Exercise aim: Beginning with the line that contains "Outfit s Černá/Khaki", reproduce every line through the end of the records below exactly, and leave the pictures out.

Input data:

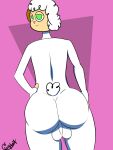 3:4 anthro backsack balls big_balls big_butt bovid butt butt_focus caprine curled_hair curly_(curlyboy) curlyboy eyelids fluffy fluffy_tail fur genitals green_eyes hair half-closed_eyes hand_on_hip hi_res horn looking_at_viewer looking_back male mammal narrowed_eyes pink_nose rear_view sheep smile solo standing tail thick_thighs white_body white_fur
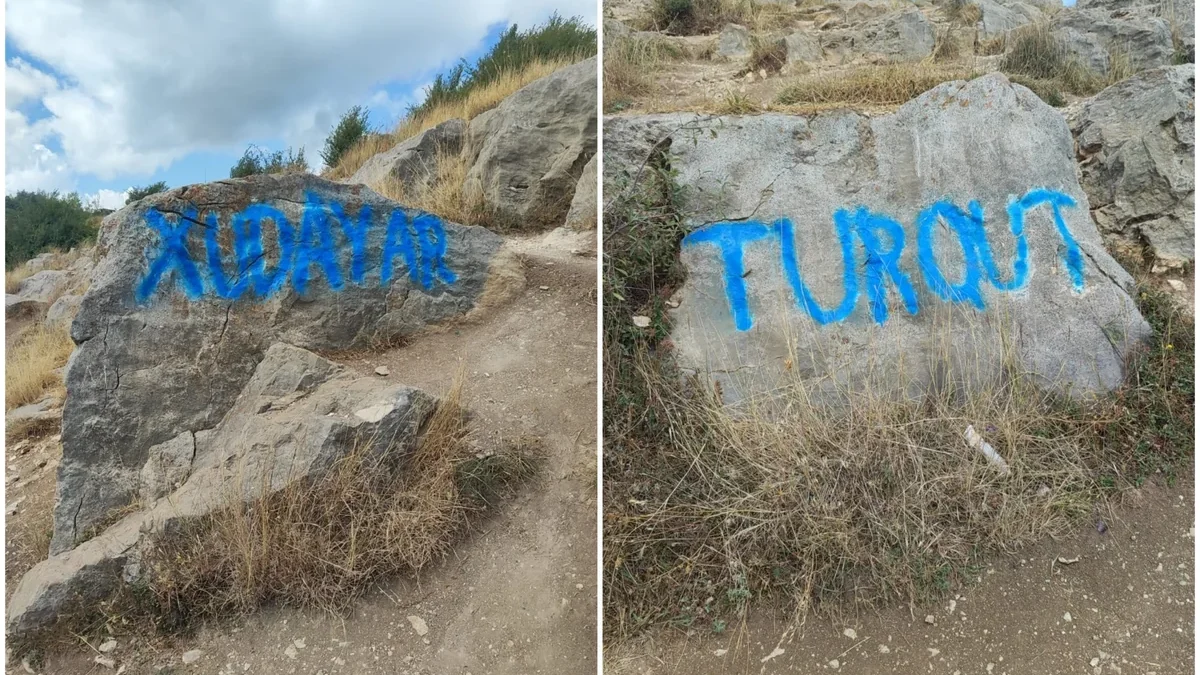 Some tourists have written on the rocks in Shusha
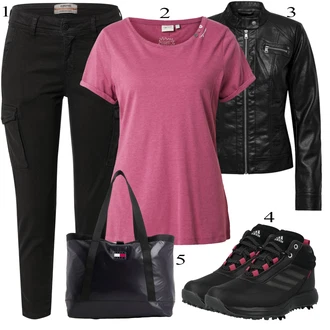 Outfit s Černá/Khaki Cargo džíny Gang "Outfit na podzim"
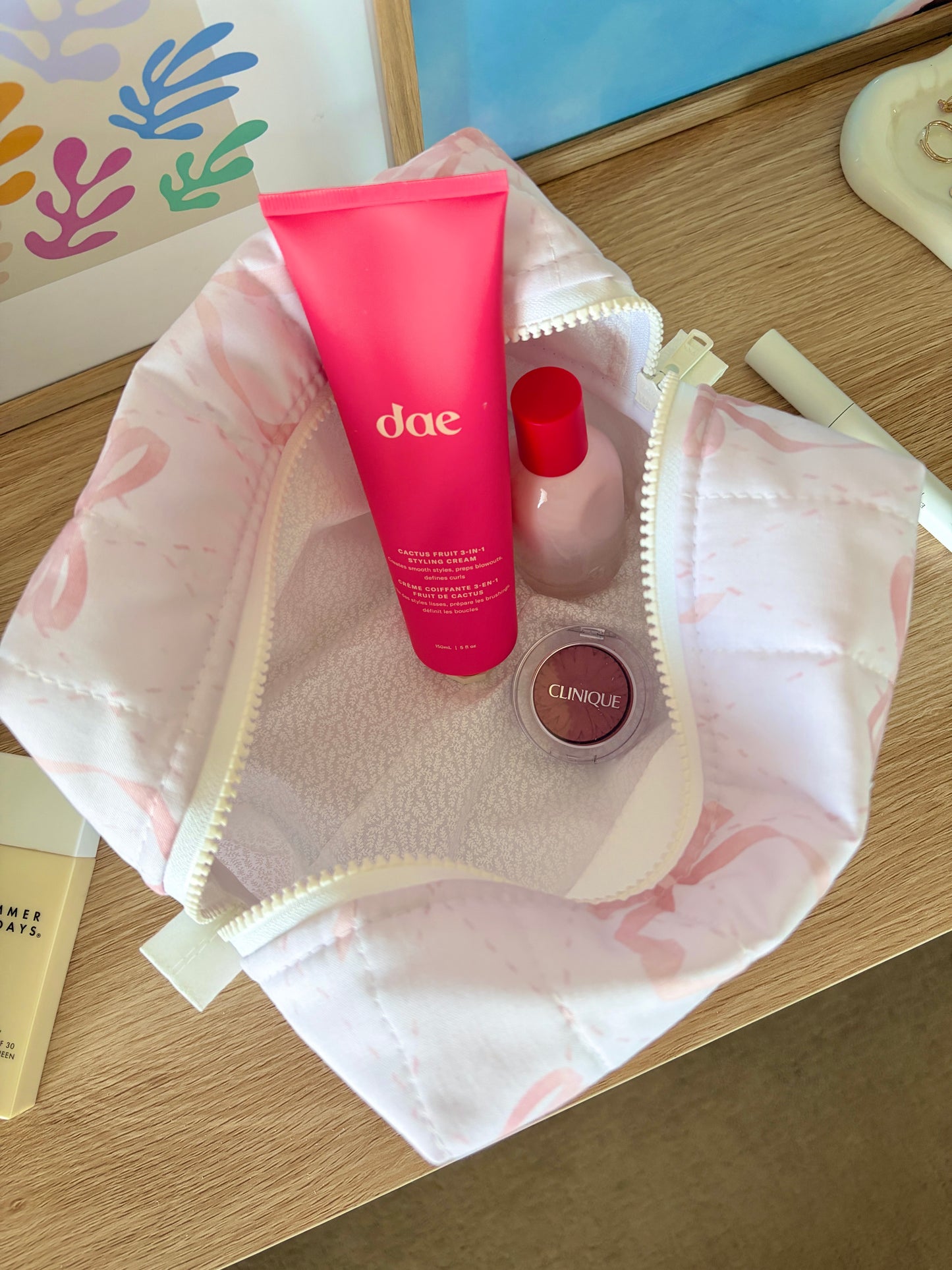 Large Pink Bow Large Makeup Bag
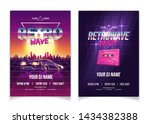 retrowave party  electronic... | Shutterstock .eps vector #1434382388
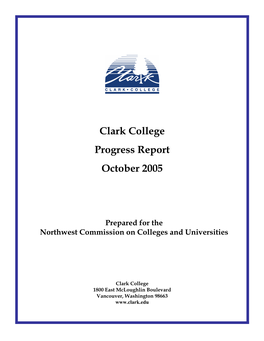 Clark College Progress Report October 2005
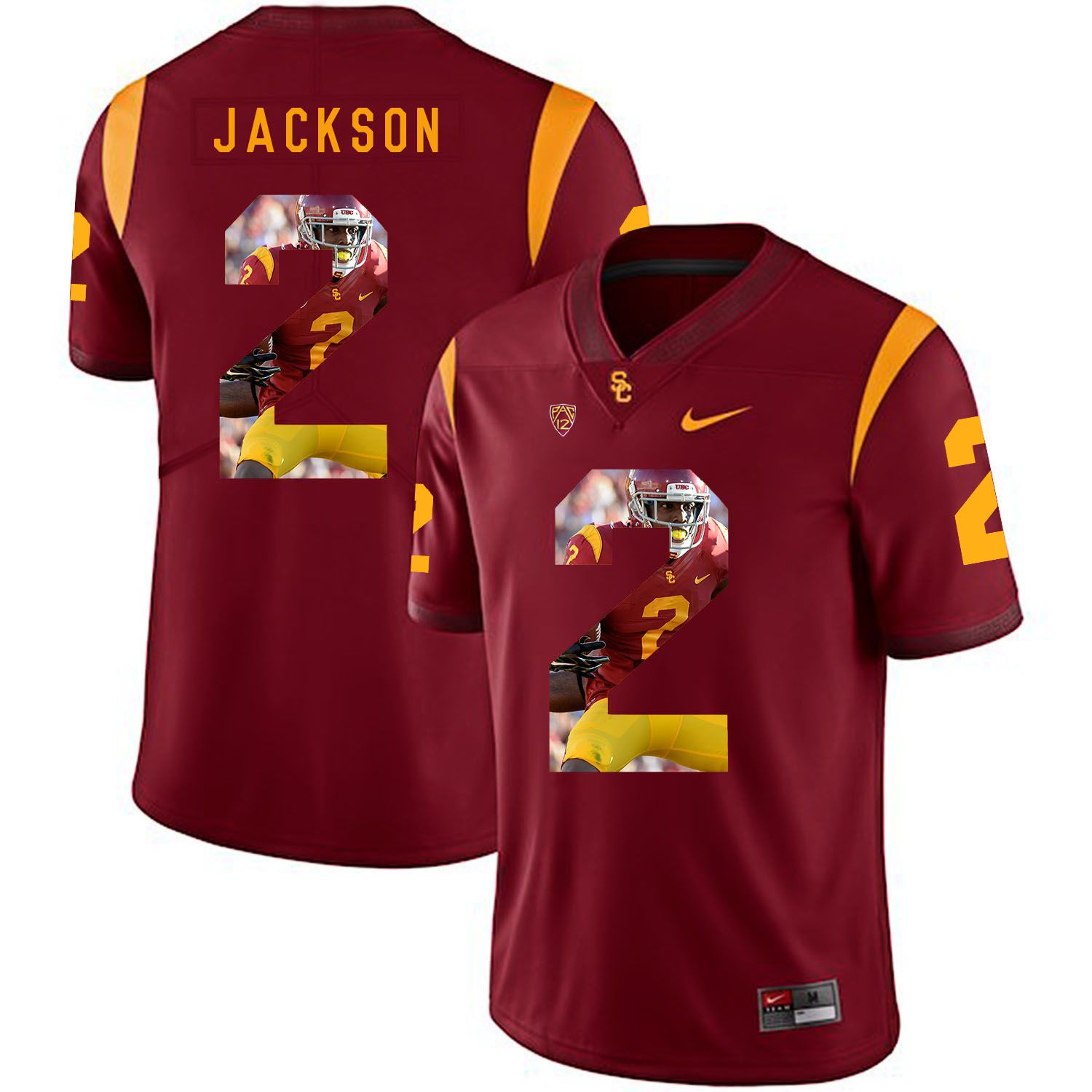 Men USC Trojans 2 Jackson Red Fashion Edition Customized NCAA Jerseys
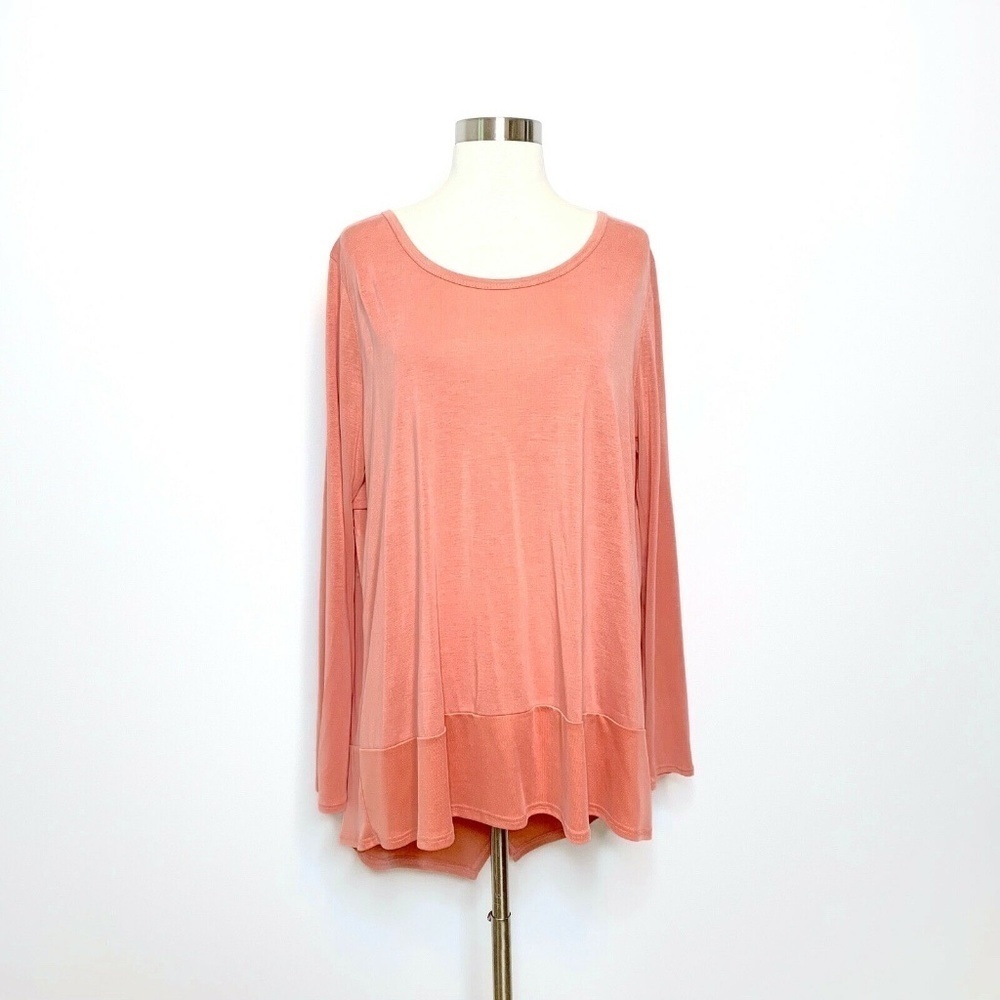 Sinuous Top Coral Faux Wrap Back Cowl Back NWT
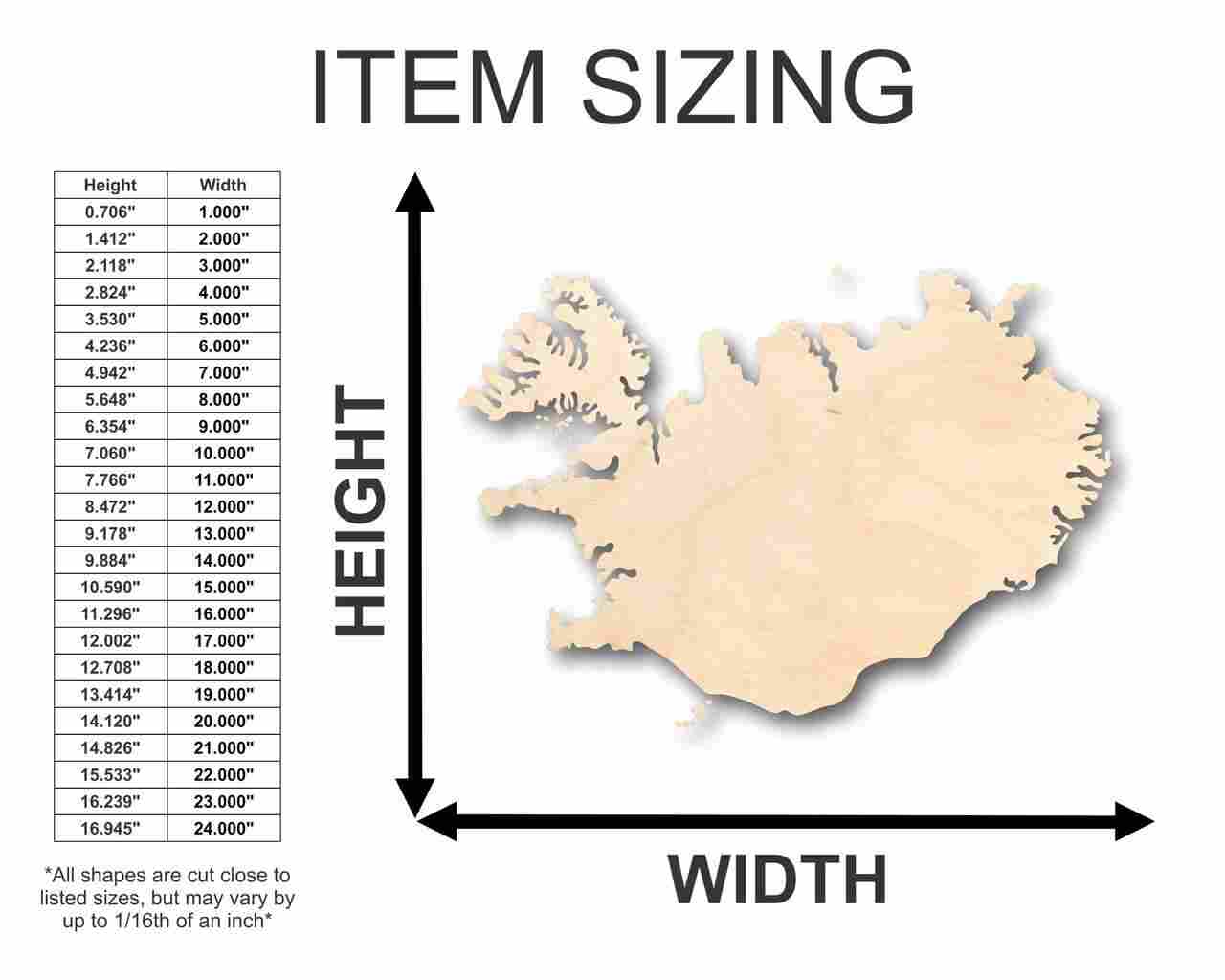 Unfinished Wood Iceland Shape - Country - Craft - up to 46" DIY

Reply:
 Outfit s Černá/Khaki Cargo džíny Gang "Outfit na podzim"
 Large Pink Bow Large Makeup Bag
 retrowave party  electronic... | Shutterstock .eps vector #1434382388
 Clark College Progress Report October 2005
 Men USC Trojans 2 Jackson Red Fashion Edition Customized NCAA Jerseys
 Sinuous Top Coral Faux Wrap Back Cowl Back NWT
 Unfinished Wood Iceland Shape - Country - Craft - up to 46" DIY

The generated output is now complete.